◆ **Assigned task**
Each line from the first entry to the line with "Mobiele data in", both included, is to be returned unchanged, with any pictures dropped.

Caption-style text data
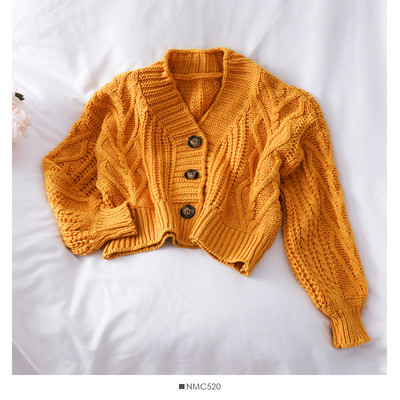 Мека дамска жилетка с копчета и V-образно деколте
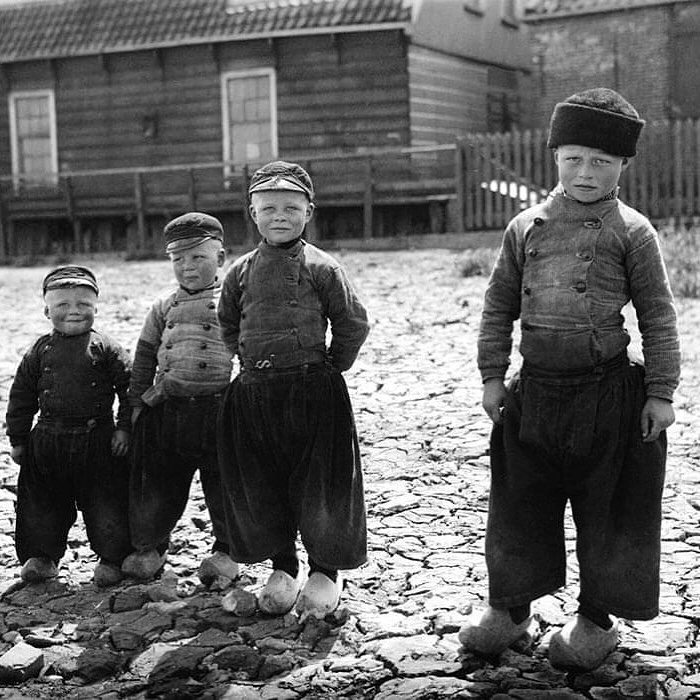 Kids from the Netherlands in 1904.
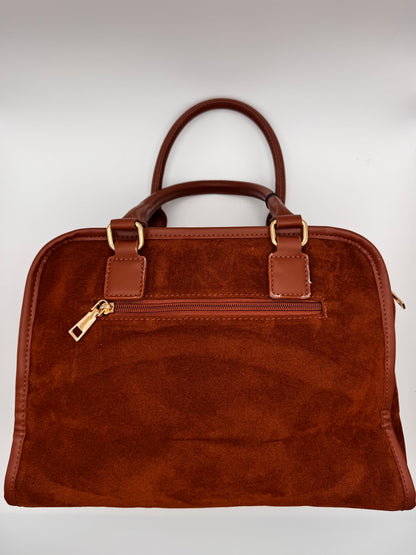 Le sac porté main rétro aspect velours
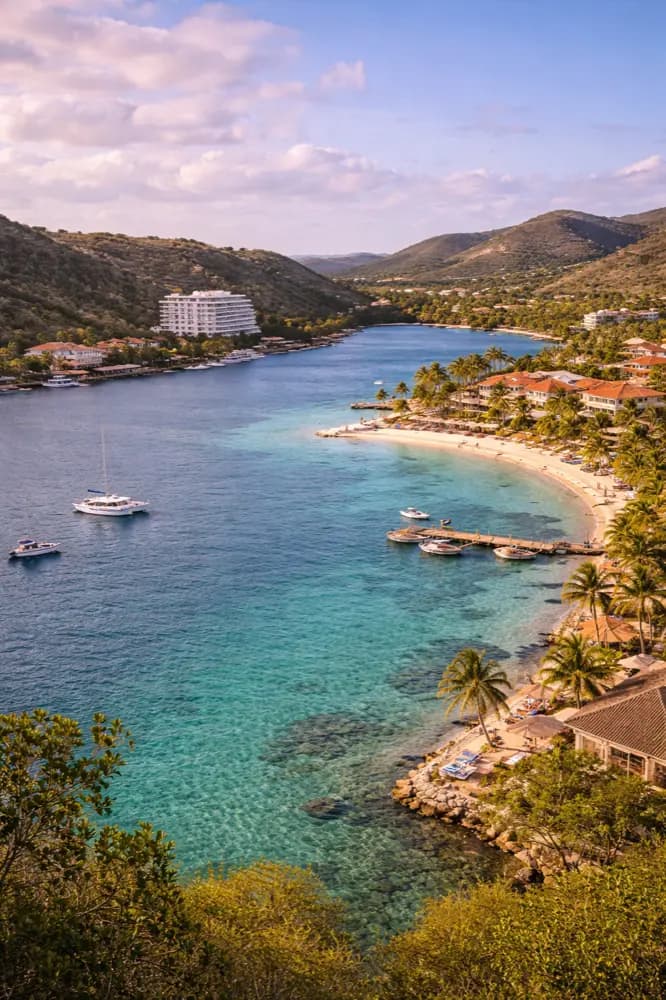 Mobiele data in Piscadera Curaçao met HelloRoam eSIM-plan voor reizigers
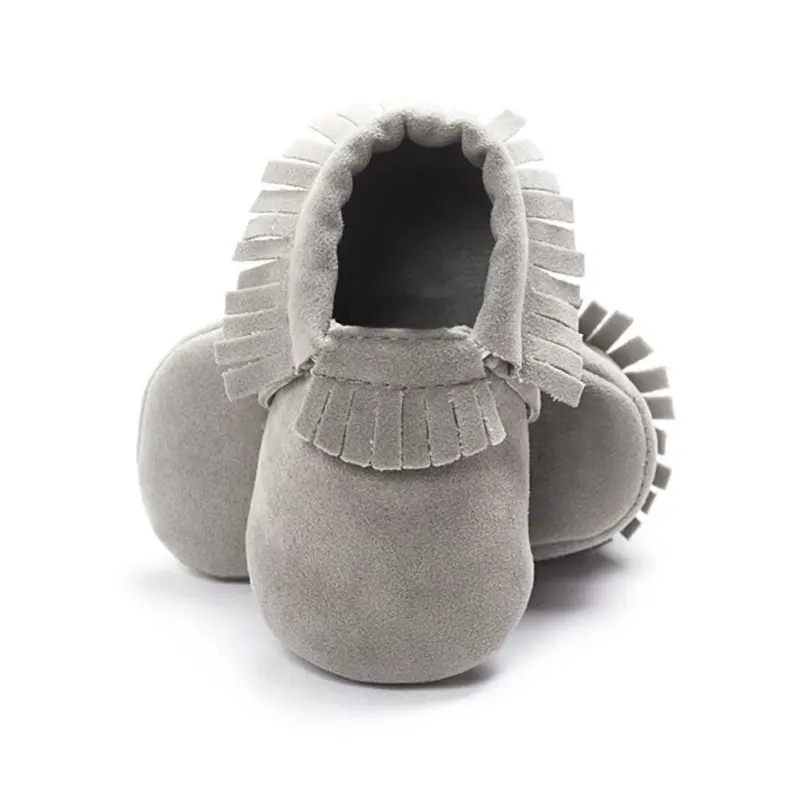 Детские мокасины мягкая moccs Обувь для новорожденных мальчиков и девочек Bebe бахрома на мягкой подошве нескользящая обувь кроватки из искусственной кожи замшевая обувь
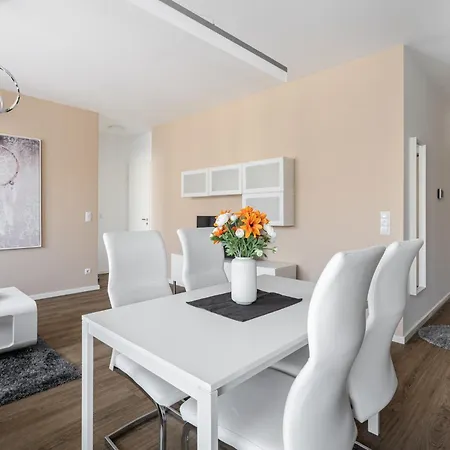 Corvex With Balcony Budapeste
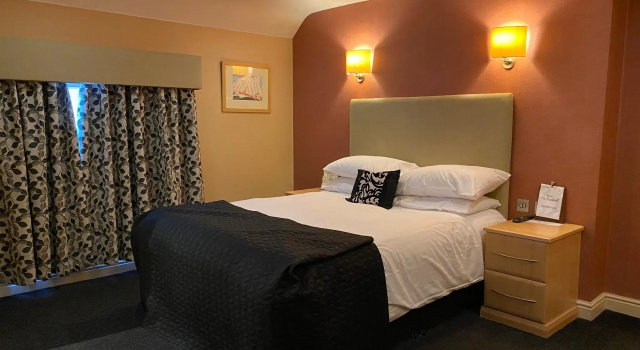 The Windmill Inn, Rezervați Bed and Breakfast Knutsford Cheshire
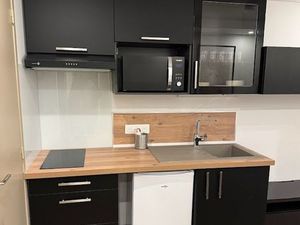 Studio meublé 20 m² – Évry 2 (450 m) – Gare & Université à pied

◆ **Response to this task**
 Мека дамска жилетка с копчета и V-образно деколте
 Kids from the Netherlands in 1904.
 Le sac porté main rétro aspect velours
 Mobiele data in Piscadera Curaçao met HelloRoam eSIM-plan voor reizigers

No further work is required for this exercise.